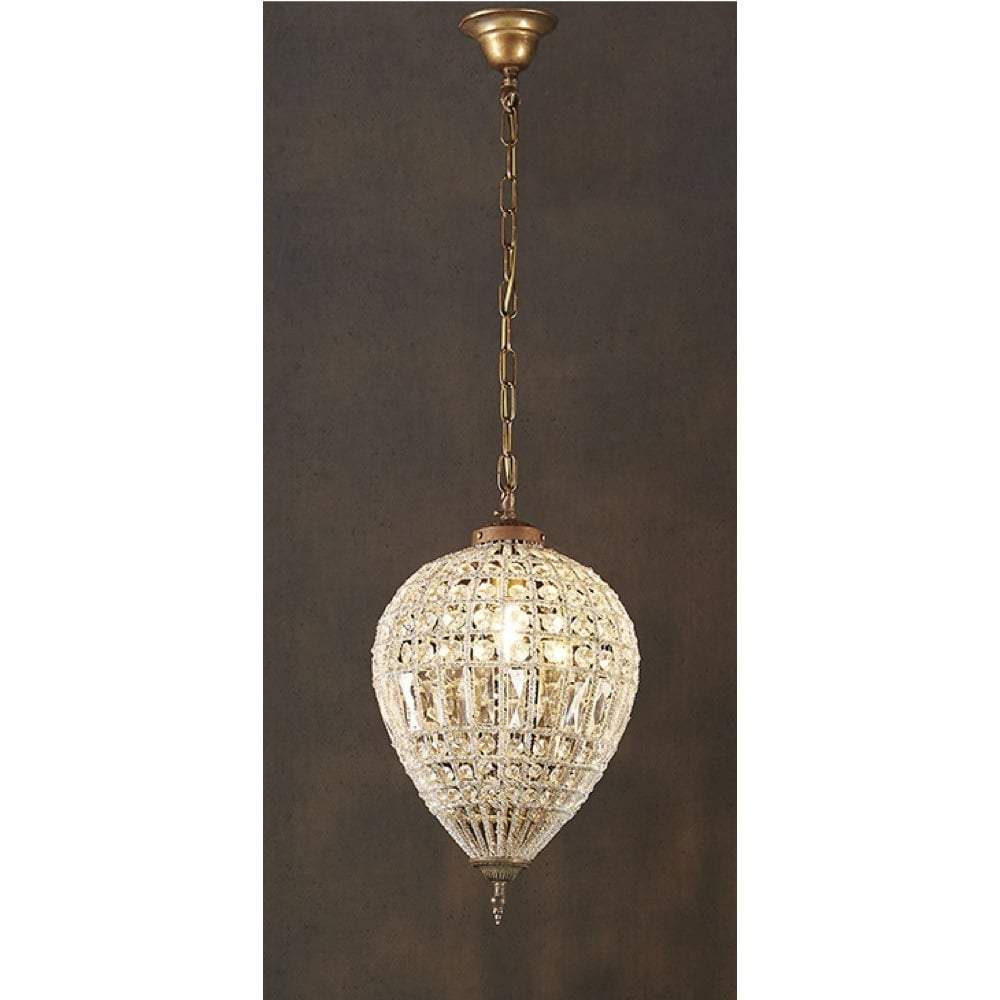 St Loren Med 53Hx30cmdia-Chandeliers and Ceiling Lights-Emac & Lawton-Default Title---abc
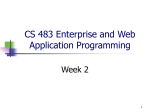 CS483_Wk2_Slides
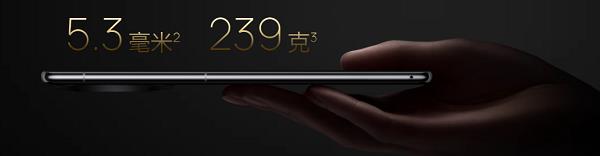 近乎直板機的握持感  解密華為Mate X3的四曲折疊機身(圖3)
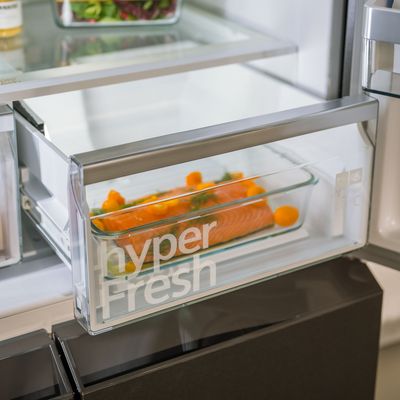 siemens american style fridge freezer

---

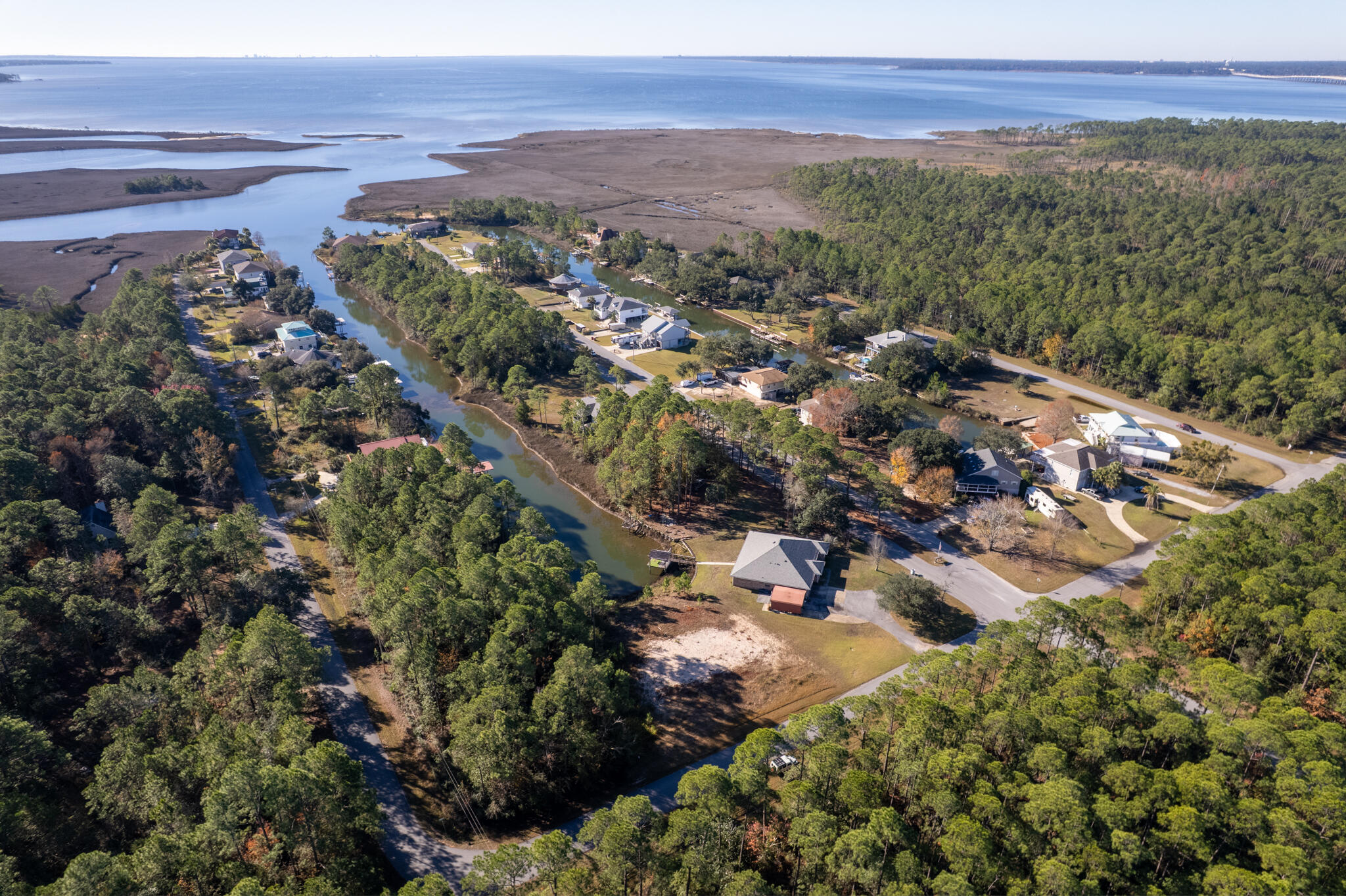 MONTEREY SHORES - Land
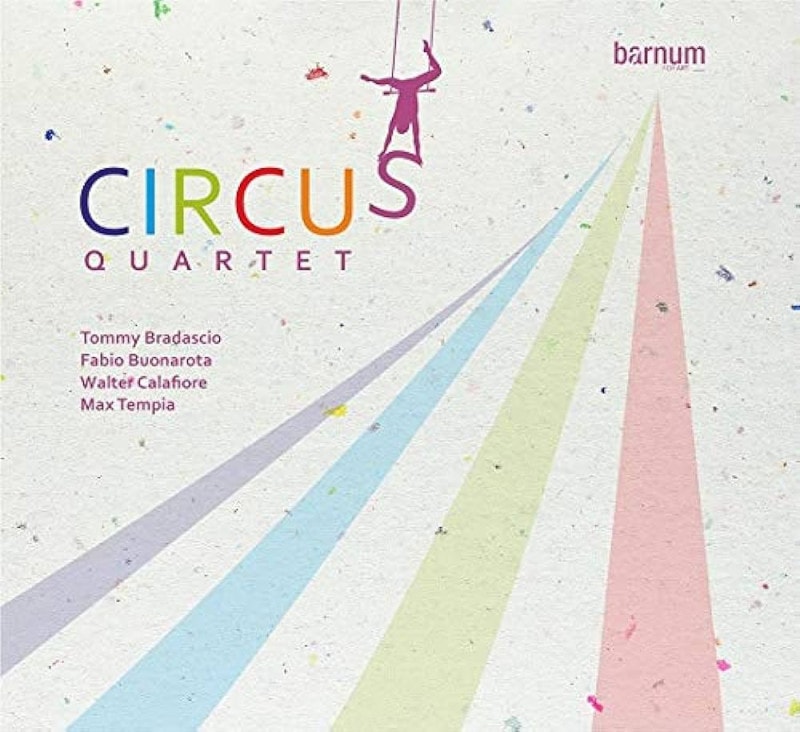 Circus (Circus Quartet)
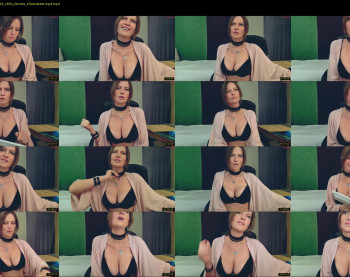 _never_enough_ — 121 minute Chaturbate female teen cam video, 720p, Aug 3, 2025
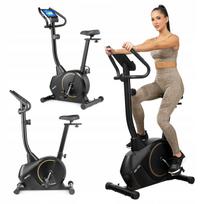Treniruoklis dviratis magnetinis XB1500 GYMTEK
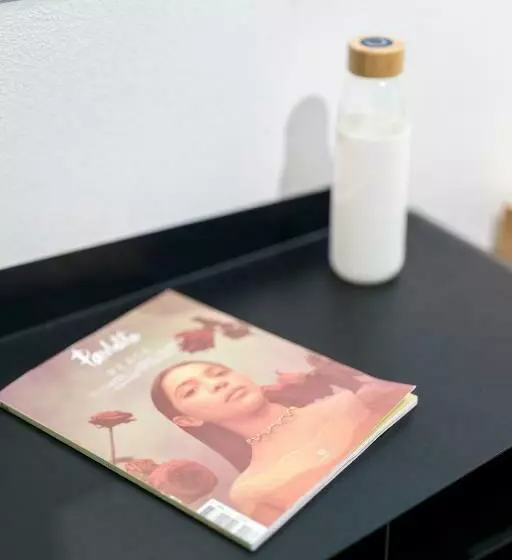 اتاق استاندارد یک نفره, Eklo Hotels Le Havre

**ACTIVITY:** Using the entries above, reproduce word for word only the lines from the one that contains "St Loren Med" to the one that contains "siemens american style fridge freezer", both ends included, and drop every picture.

**OUTPUT OF THE EXERCISE:**
 St Loren Med 53Hx30cmdia-Chandeliers and Ceiling Lights-Emac & Lawton-Default Title---abc
 CS483_Wk2_Slides
 近乎直板機的握持感  解密華為Mate X3的四曲折疊機身(圖3)
 siemens american style fridge freezer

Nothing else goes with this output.